27.3.07

Eu tinha um segredo. Era sobre ti. Ou melhor, era sobre nós. Era toda a nossa história concentrada a conta gotas e guardada num frasco de vidro bem fechado, preservado da luz e do ar para não perder o cheiro a nostalgia.
Embora o meu segredo devesse ter evaporado, como todos os segredos - o prazer de um segredo é partilhá-lo -, investi-me em guardiã improvável e nunca o deixei escapar.
Ao princípio, confesso, nem foi por querer, ou por virtude que a modéstia me impeça de revelar - tu sabes que disso tenho pouco. Foi simplesmente porque as palavras para o contar me faltavam, ou demasiado pobres ou demasiado cheias de significado - tu sabes como pode ser assustadora, esta voluptuosidade das palavras. Quando me voltaram as palavras faltou-me a coragem - já carregava culpa suficiente para me arriscar a aumentar o fardo com a reacção de um confidente. E quando o tempo tornou até isto absoleto, continuei a guardá-lo, ao segredo, porque foi a única maneira que encontrei de guardar um bocadinho do que nos aconteceu. Percebes, é que eu quase esqueci o teu rosto – vi uma fotografia tua no outro dia e custou-me a reconhecer-te. As tuas cartas não sei onde estão (perdidas em algum dos muitos baús que fui deixando para trás). A tua voz soou-me estranha da última vez que a ouvi. E a tua presença, essa na verdade nunca a tive.
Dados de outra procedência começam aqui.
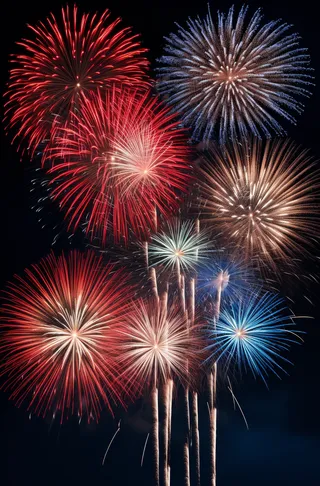 烟花五颜六色的烟花庆典新年节日暮色的天空背景摄影图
Vendo bem as coisas, tudo o que tivemos foi o que sentimos, e eu não estava preparada para o perder por banalização. Quando o contasse a alguém, as coisas seriam postas em perspectiva, depois de verbalizadas mostrar-se-iam ridículas, reduzidas à sua própria importância no ‘grande esquema das coisas’, que foi afinal nenhuma. E eu não queria perder-te. Não, nem era isso. Eu não me queria perder, o eu que fui contigo e nunca se apresentou a mais ninguém. Não era um eu perfeito, eu sei, escusas de me dizer. Mas era o meu eu mais vulnerável, o único que não teve medo nem vergonha – nem forma, já que falamos nisso. Nem nunca teve hipótese... - de mostrar a outra pessoa aquilo que normalmente tenta esconder.
Foi por isso que o guardei, o segredo. Uma espécie de nostalgia de um passado todo em potência.
E foi por isso que me custou saber que tu o tinhas contado. Não me interpretes mal, não é que eu quisesse que tu tivesses ficado preso no passado. Nem fiquei ofendida, nem melindrada. É perfeitamente normal e até saudável que tu o tenhas feito - eu é que tenho a mania das nostalgias. Aliás, suponho que se calhar até te devia agradecer. Até devia...
Mas não o fiz quando o enterrei (ao segredo) no outro dia ao almoço: abri o frasco, e deixei escorrer as gotas. E até me ri, de mim, de nós, e da banalidade da história – tal e qual como tinha calculado. E nem te telefonei depois, nem te escrevi, nem penso que o vá fazer.
Ficamos assim, pode ser? Tomas isto como um agradecimento – meio arrevezado, eu sei -, e deixamos o passado em paz, de uma vez por todas.